SMITHSONIAN API AND DATA CLEANING
1. Fetch data using the Smithsonian API: Identify the query and breakdown the complex data structure to extract the relevant data.
2. Identifying the inconsistencies and parsing with python.
3. Documentation in Github.
Holy Ghost Orchid: Before
{
"bloom_time": "June to October" "pollination_syndrome": "Bee (male Euglossa)",
"fragrance": "Fragrant (strong). Sweet and fruity from afar, but spicy up close.",
"bloom_characteristics": "Erect inflorescence is 3-4.5 feet (89-140 cm) long 10-20 waxy, white flowers that open in succession. Flowers are 2\" (5 cm) across.",
}
Holy Ghost Orchid: Cleaned
{
"cleaned_bloom_months": [ 6, 7, 8, 9, 10 ],
"cleaned_peak_months": [ "Unknown" ],
"pollinator_types": "Euglossine Bees",
“fragrance_strength": "Strong",
"fragrance_types": "pleasant, sweet, fruity, spicy", "fragrance_notes": "fragrant, sweet, fruity, spicy", "fragrant_time": "day_and_night",
}
I parsed the bloom_time into months by defining a month_map and seasons_map. I also printed out all the fragrance descriptors to bin them into fragrance types, which determines the grouping of all the more specific fragrance note descriptions. The information with pollinator syndrome vary in complexity, so I parsed the data with key words like “euglossine bees”, “moths”, and “flies” and the rest as “others”.

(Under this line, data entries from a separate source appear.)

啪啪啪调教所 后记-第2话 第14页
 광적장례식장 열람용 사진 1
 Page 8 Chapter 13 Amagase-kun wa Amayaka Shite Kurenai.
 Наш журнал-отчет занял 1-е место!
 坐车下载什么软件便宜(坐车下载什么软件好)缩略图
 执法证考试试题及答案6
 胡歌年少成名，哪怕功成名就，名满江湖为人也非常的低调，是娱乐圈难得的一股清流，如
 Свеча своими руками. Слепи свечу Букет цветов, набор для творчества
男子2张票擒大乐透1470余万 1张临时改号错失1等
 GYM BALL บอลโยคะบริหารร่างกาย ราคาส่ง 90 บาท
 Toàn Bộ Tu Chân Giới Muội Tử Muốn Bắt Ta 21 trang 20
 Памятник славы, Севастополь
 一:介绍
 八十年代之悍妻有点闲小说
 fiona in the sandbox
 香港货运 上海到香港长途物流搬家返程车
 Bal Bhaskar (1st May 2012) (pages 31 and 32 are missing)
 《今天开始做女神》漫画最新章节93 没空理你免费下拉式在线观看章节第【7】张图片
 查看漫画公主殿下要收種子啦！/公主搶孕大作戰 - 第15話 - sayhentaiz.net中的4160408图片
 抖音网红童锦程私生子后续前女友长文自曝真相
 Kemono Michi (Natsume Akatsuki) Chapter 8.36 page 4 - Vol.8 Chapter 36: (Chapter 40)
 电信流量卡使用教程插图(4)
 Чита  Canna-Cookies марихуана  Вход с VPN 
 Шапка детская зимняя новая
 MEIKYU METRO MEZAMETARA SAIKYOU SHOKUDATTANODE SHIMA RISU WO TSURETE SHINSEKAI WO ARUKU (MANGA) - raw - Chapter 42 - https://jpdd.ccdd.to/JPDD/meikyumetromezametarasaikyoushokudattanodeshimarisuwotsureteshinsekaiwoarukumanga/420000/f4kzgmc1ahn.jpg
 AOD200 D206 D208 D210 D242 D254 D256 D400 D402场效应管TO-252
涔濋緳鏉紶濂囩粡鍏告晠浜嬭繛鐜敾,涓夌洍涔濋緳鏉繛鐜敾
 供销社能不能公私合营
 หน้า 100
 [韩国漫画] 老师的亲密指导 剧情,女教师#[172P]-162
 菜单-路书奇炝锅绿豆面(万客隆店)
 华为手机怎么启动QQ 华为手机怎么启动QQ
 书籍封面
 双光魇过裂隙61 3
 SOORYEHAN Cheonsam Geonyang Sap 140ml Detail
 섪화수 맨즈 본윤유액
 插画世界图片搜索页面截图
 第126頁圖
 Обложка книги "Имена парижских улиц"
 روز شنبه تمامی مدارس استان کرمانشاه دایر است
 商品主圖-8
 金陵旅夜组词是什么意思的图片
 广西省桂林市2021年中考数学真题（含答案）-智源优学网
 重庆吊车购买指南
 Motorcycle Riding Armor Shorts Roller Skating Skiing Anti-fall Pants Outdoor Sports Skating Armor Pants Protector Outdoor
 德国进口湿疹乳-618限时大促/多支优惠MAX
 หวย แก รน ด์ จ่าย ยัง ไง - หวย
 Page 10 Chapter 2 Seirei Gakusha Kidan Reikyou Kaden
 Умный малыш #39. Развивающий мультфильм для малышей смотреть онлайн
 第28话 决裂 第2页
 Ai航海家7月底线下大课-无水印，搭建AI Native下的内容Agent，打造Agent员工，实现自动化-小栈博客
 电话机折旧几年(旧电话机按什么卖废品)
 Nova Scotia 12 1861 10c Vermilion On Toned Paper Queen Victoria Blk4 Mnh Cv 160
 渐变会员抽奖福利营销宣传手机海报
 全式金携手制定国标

Another challenge is identifying the inflorescence length and number of flowers from the “bloom characteristics” since the wording and units were inconsistent. After multiple rounds of python, I went back in to manually input the outliers that were not caught in the code. This was then followed by code to unify the length units to inches.